DATA PROVIDED:
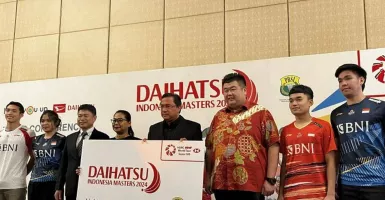 Termasuk Race to Olympics, Indonesia Masters 2024 Bakal Sengit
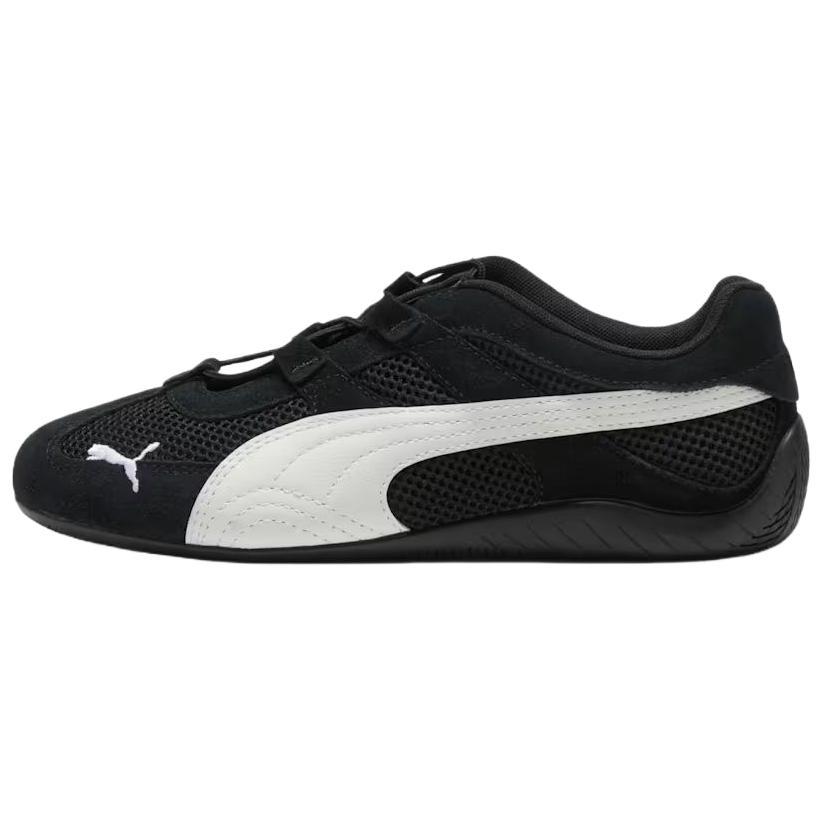 New PUMA Speedcat Go Black White Women's 403589-01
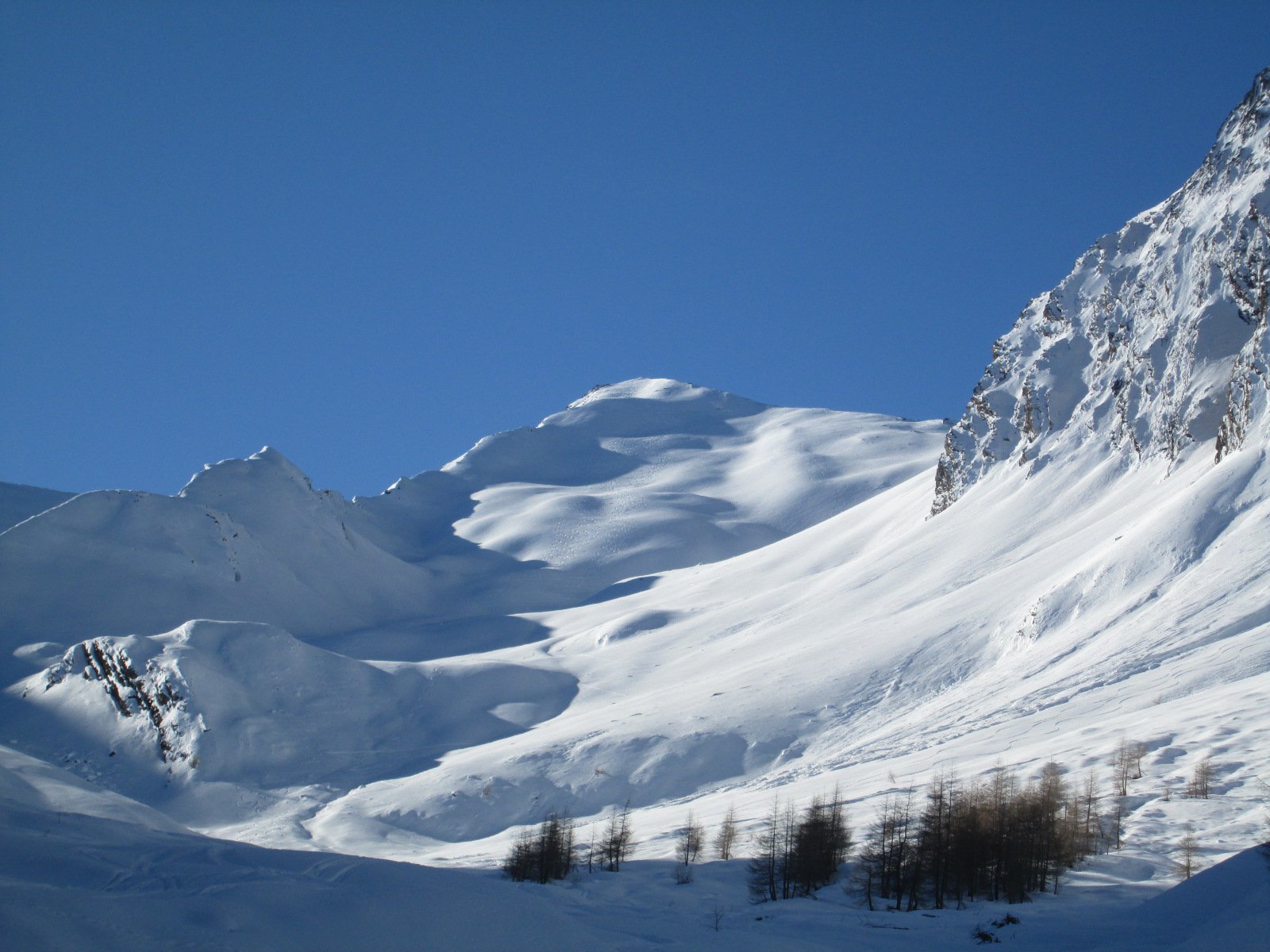 il bellissimo vallon du Berard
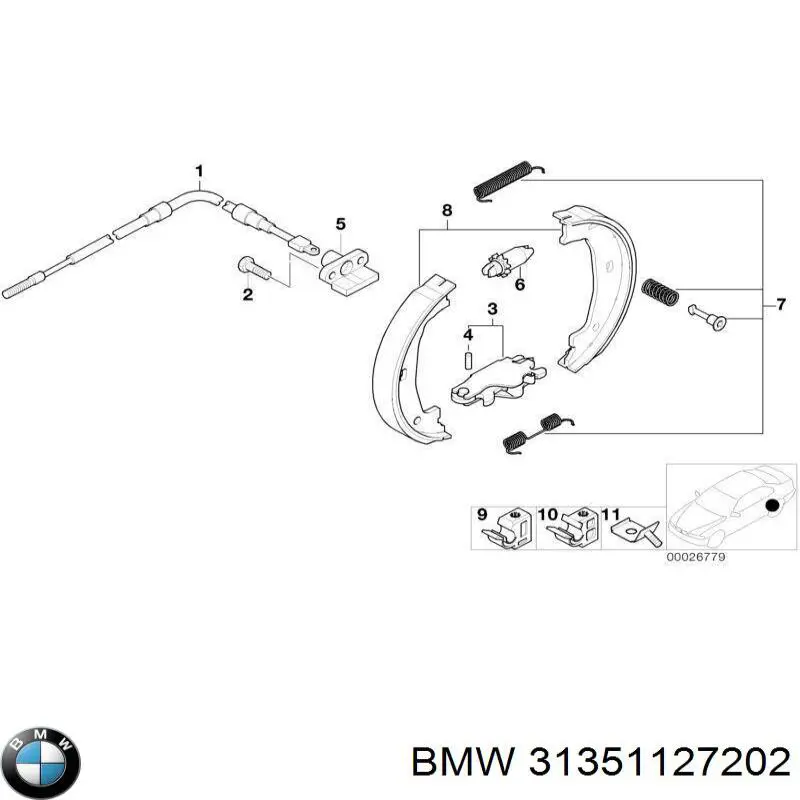Comprar 31351127202 BMW 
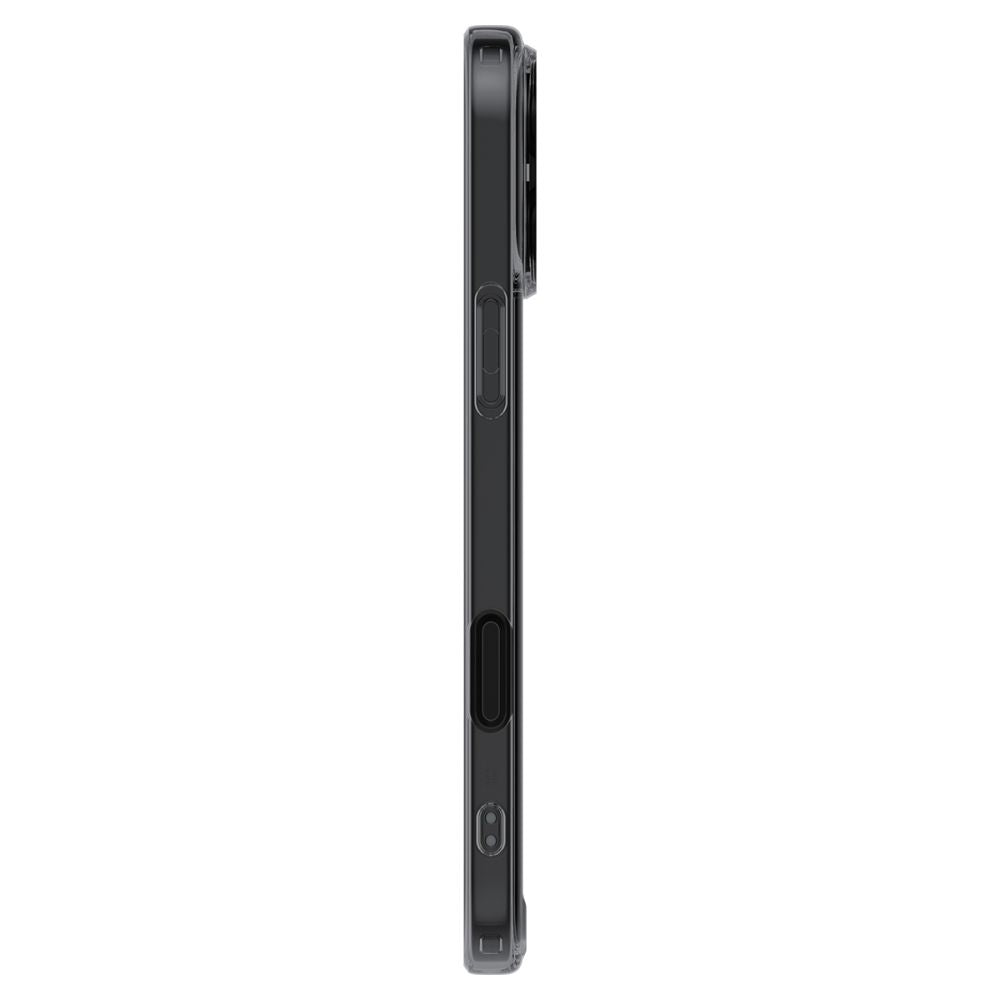 ETUI SPIGEN ULTRA HYBRID ”T” MAG MAGSAFE IPHONE 16 PRO FROST BLACK MATOWE CZARNE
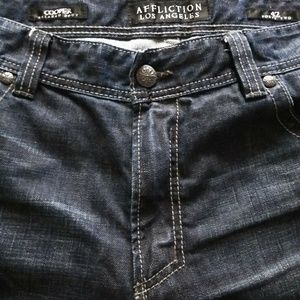 Affliction Cooper relaxed jeans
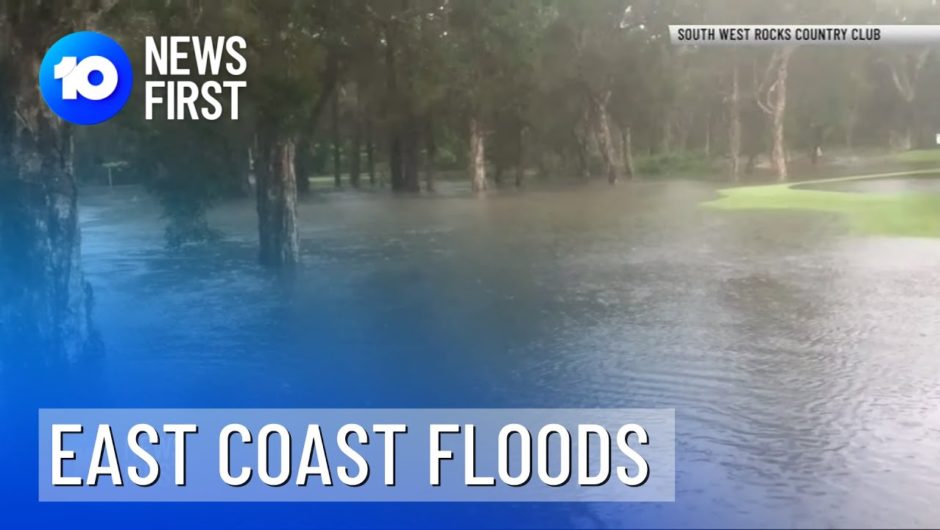 Floods Hit Australia's East Coast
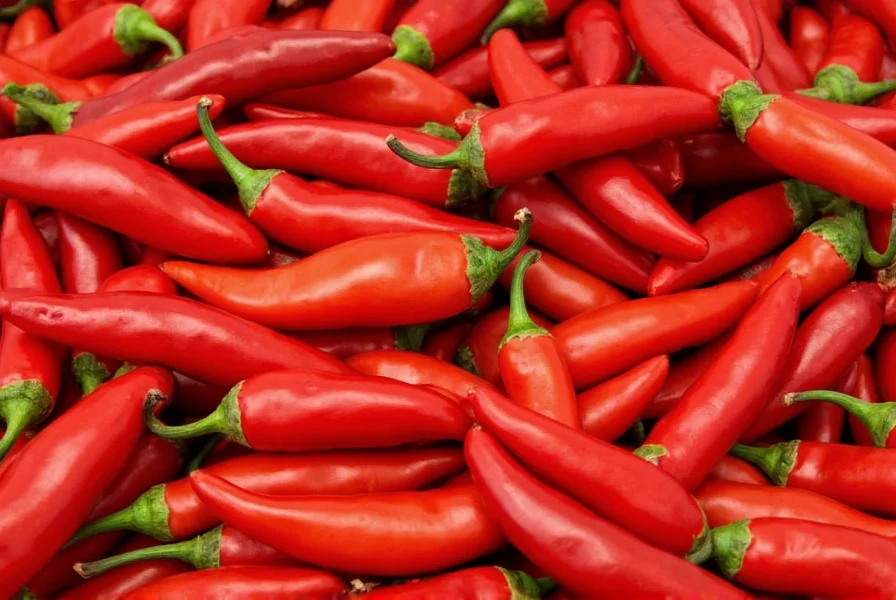Handheld Spice Grinder with Chili Powder Nearby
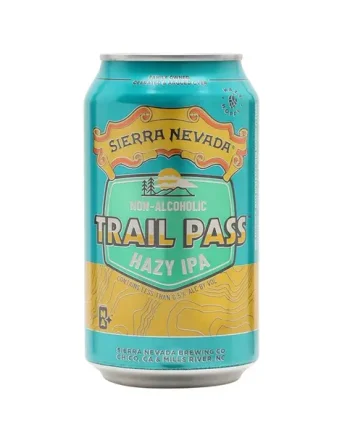 Sierra Nevada Trail Pass Alcohol Free Hazy IPA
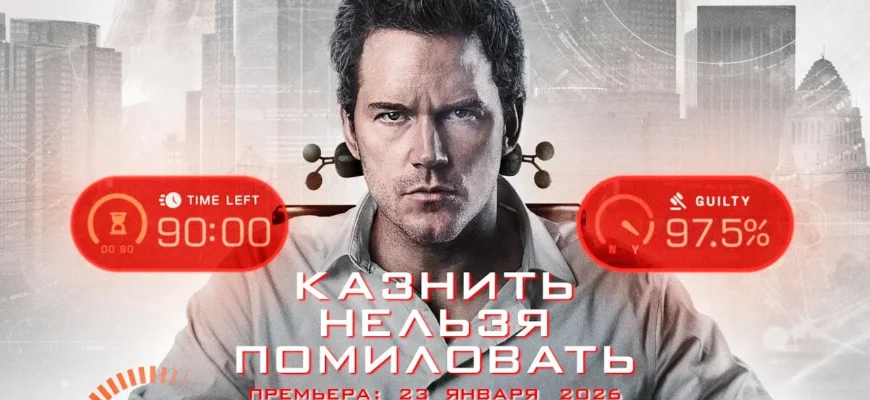 «Казнить нельзя помиловать» (англ. Mercy), 2026 г. Отзыв и рецензия
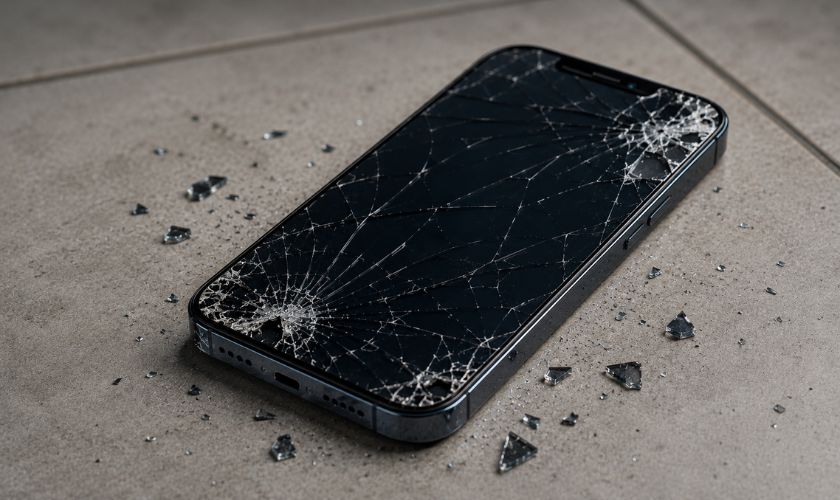 iPhone từng vào nước hoặc va đập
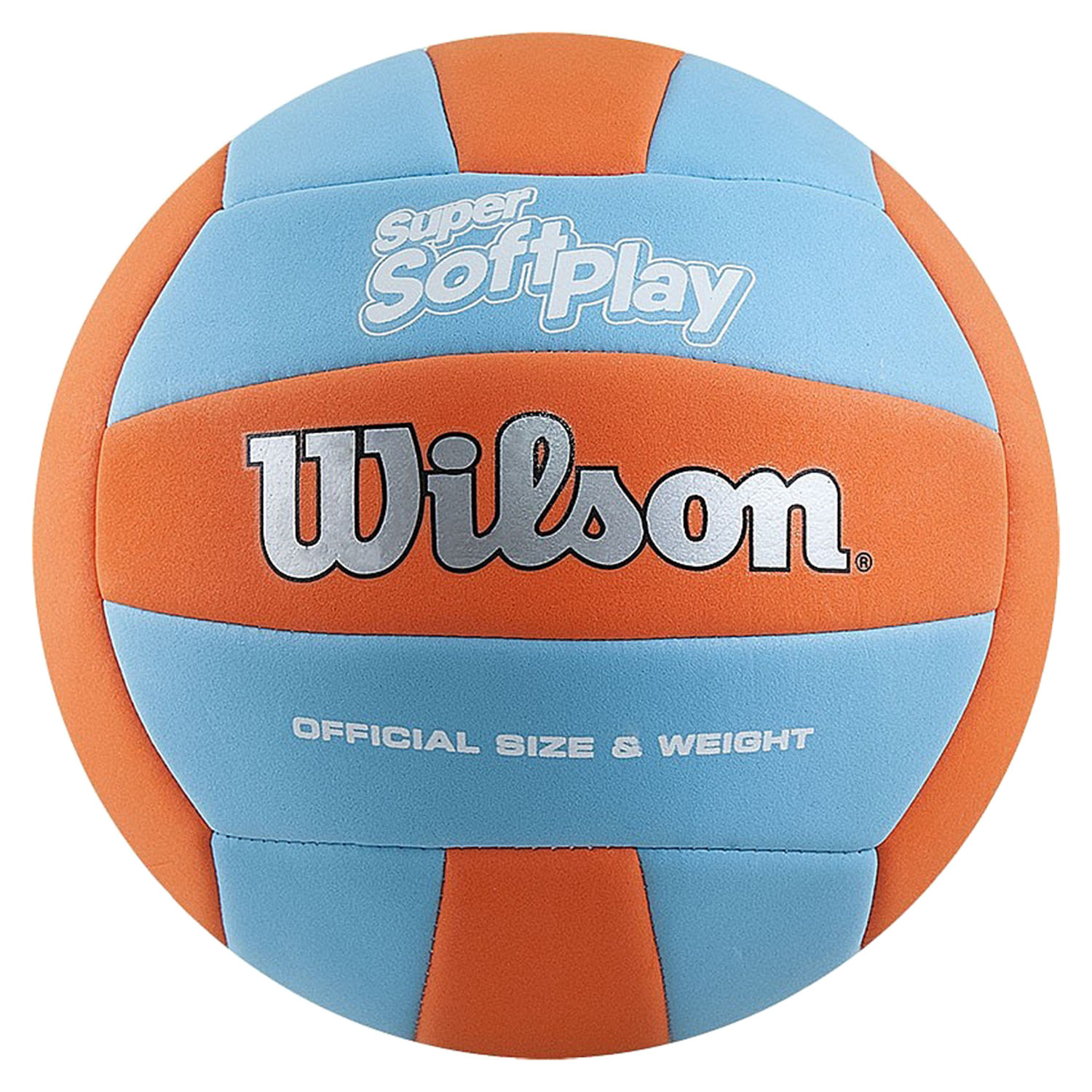 Minge volei SUPER SOFT PLAY ORBLU WTH90119XB Wilson (2273)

GOAL OF THE EXERCISE:
In the copy, omit the pictures and give every line of the data exactly.

REPLY TO THE TASK:
 Termasuk Race to Olympics, Indonesia Masters 2024 Bakal Sengit
 New PUMA Speedcat Go Black White Women's 403589-01
 il bellissimo vallon du Berard
Comprar 31351127202 BMW 
 ETUI SPIGEN ULTRA HYBRID ”T” MAG MAGSAFE IPHONE 16 PRO FROST BLACK MATOWE CZARNE
 Affliction Cooper relaxed jeans
 Floods Hit Australia's East Coast
Handheld Spice Grinder with Chili Powder Nearby
 Sierra Nevada Trail Pass Alcohol Free Hazy IPA
 «Казнить нельзя помиловать» (англ. Mercy), 2026 г. Отзыв и рецензия
 iPhone từng vào nước hoặc va đập
 Minge volei SUPER SOFT PLAY ORBLU WTH90119XB Wilson (2273)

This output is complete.